A new longitudinal study has found that behavioral inhibition that persists across early childhood is associated with social anxiety in adolescence, but only among youth who were insecurely attached to their parents as infants.

Social anxiety disorder is one of the most common psychiatric disorders among children and adolescents, with rates of about 5.5 percent among 13- to 18-year-olds.

The study was done by researchers at the University of Maryland in collaboration with researchers at the National Institute of Mental Health and the University of Waterloo. It appears in Child Development, the journal of the Society for Research in Child Development.

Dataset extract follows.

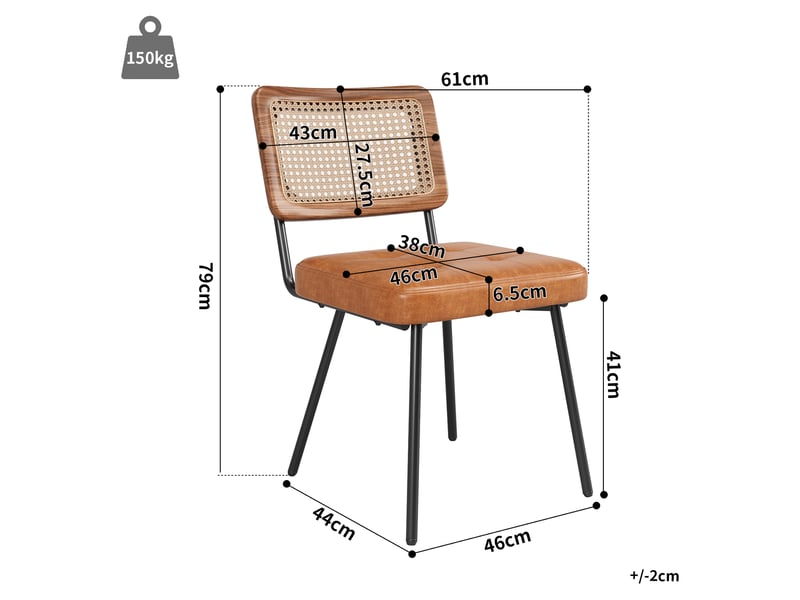  Lot de 4 chaises de salle à manger rétro marron en pu, rotin pe et métal  - Conforama C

The researchers studied 165 European-American, middle- to upper-middle-class adolescents (ages 14-17 years) who were recruited as infants (at 4 months). At 14 months, infants and their parents were observed in the lab to see how the babies responded to brief separations from their parents. Infants were classified as having a secure or insecure attachment (to their parent) based on this observation. Securely attached infants initiated contact with their parents after separation and, if they had been upset, they could calm down when their parents returned. Insecurely attached infants showed one of two patterns: Either they ignored or avoided contact with their parents after being separated, or they wanted to be physically close to their parents but were angry and unable to calm down when their parents returned.

Children’s behavioral inhibition and social reticence was observed in the lab as they encountered new situations and new peers several times across early childhood (at 14, 24, 48, and 84 months). Parents also completed questionnaires about their children’s behavior in new situations and with unfamiliar peers. Based on the lab observations and results from parents’ questionnaires, the researchers classified children according to how inhibited or shy they were over time.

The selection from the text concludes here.